Criddle, Baltimore. Baltimore Criddle was created by Harris Dickson and appeared in a number of stories in The Saturday Evening Post from 1913 to at least 1921, beginning with “The Grand Organizer” (Saturday Evening Post, Jan 4, 1913). Baltimore Criddle is a Con Man. He is an African-American swindler who cleverly separates other African-Americans (as stereotypically portrayed as Criddle) from their money. He does so by posing as the Reverend of the True Hope Lodge of Race Pride and accepting donations for various good works.
A couple of things worth mentioning here: to be clear, Baltimore Criddle is a racist stereotype (Harris Dickson, the creator of Criddle, made a career of writing racist stereotypes). That I’m including Criddle among the “heroes” in my pulp book doesn’t mean I endorse the racism of the Criddle stories or think that Criddle is good; I’m a completist, and Criddle was a series character of the genres I was collecting for my book, so in he goes, with me holding my nose while I included him. He’s not the only racist stereotype in my book–but the book wouldn’t be complete and thorough and historically accurate, and I wouldn’t be true to the popular culture of the era, if I ignored the racist stereotypes.

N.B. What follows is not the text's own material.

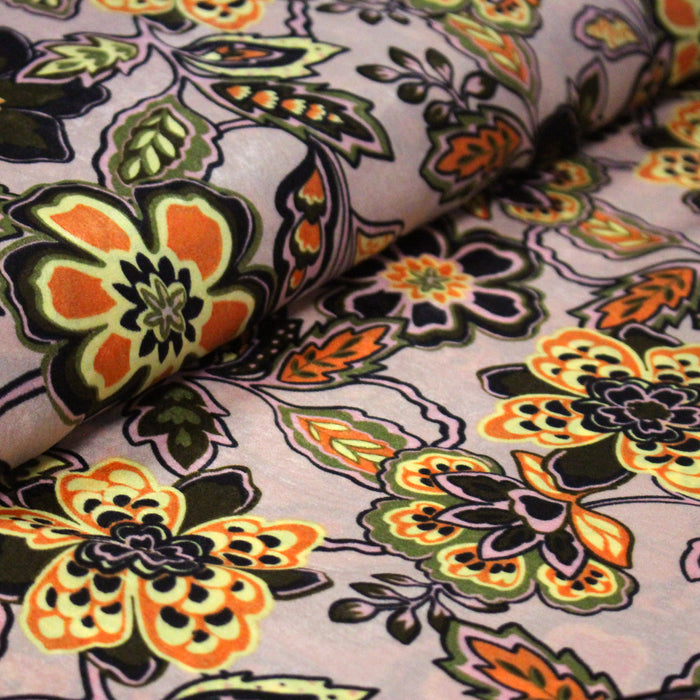 Tissu habillement satin velours, imprimé motif fleuri INDIENNES, nombreuses couleurs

Second, note that the Criddle stories appeared in The Saturday Evening Post, emphatically not a pulp magazine. Unfortunately, the Criddle stories are neither the first racist series to appear in the Post, nor the last; during the pre-WW2 years racist stories of various constructions were a constant in the Post, as they were in the other slick magazines. This is why I have, for a very long time, objected when people talk about the racism of the pulps–because the slicks (and radio and film and comic strips and newspaper fiction and poetry) weren’t any better. To single out the pulps for racism is to, in a way, privilege the pulps as somehow being exceptional or extraordinary in their racism, and that simply wasn’t the cast. Everything was racist back then, and the pulps were no worse than the slicks et al.